7. Don’t lose yourself in his storms. Have a life. Have a brand. Have a boss-bitch empire. Have a son, a website, a podcast, a future. Don’t shrink while he expands and contracts. Stay big. Stay you. Stay loud. Let his world stretch to meet yours — not the other way around. Write Deep Thinker’s Dossier to dissect my boyfriend, The Specimen, which has helped me turn everything into a comedy publication (I also know a lot of people are going through the same thing and my publication is popular)

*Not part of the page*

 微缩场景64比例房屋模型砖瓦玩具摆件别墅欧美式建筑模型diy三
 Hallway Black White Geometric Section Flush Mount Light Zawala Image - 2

ACT VII — THE CLOSING SCENE: THE SPECIMEN ALWAYS RETURNS

At the end of the episode — after the tantrum, the sulking, the psychic iMessage-bar Morse code, the dramatic “maybe someone else will make you happy,” and my motherly-but-sarcastic pep talks — comes the inevitable truth:

He doesn’t leave. He never leaves. He never blocks me. Never disappears. Never actually ends anything. He just waits until the shame passes, waits until his breathing slows, waits until my humor softens the edge…and then he reemerges like a confused little meerkat poking its head out of the emotional dirt:

“…Hey.”

Because at the end of the day? He knows I see him. He knows I get him. He knows I don’t scare easy. He knows I don’t abandon him. He knows I’m not his past. And I know — without a doubt — that I’ve carved out a space in him no one else ever has. Fear can stall a relationship. Fear can sabotage a moment. Fear can throw a tantrum that deserves its own Emmy nomination. But fear cannot erase real connection. And that’s why I stay. Not because it’s easy. Not because it’s perfect. Not because I’m blind to the chaos.

I stay because underneath every meltdown is a man who loves me more deeply than he knows how to handle. A man whose soul recognizes mine even when his fear tries to outrun it. A man who reads every damn thing I write — even when he pretends to be mad — and whose iMessage bar betrays him every single time.

And that? That’s the greatest sitcom romance plot of all.

In the end, loving a Fearful Avoidant isn’t about surviving the tantrums, the shutdowns, or the iMessage bar flickering like a haunted house strobe light. It’s about knowing that beneath every sulk, every dramatic monologue, every “maybe we should just be friends,” there is a man whose heart learned the wrong lessons too early and has been trying to unlearn them ever since. And maybe—just maybe—the real magic isn’t in fixing him, but in loving him so steadily that one day, he finally realizes that the world isn’t waiting to hurt him. Some of us are just waiting for him to step into the damn relationship already. Until then? I’ll be right here… heels on, lipstick flawless, and ready to negotiate with his inner toddler like the seasoned emotional diplomat I’ve become.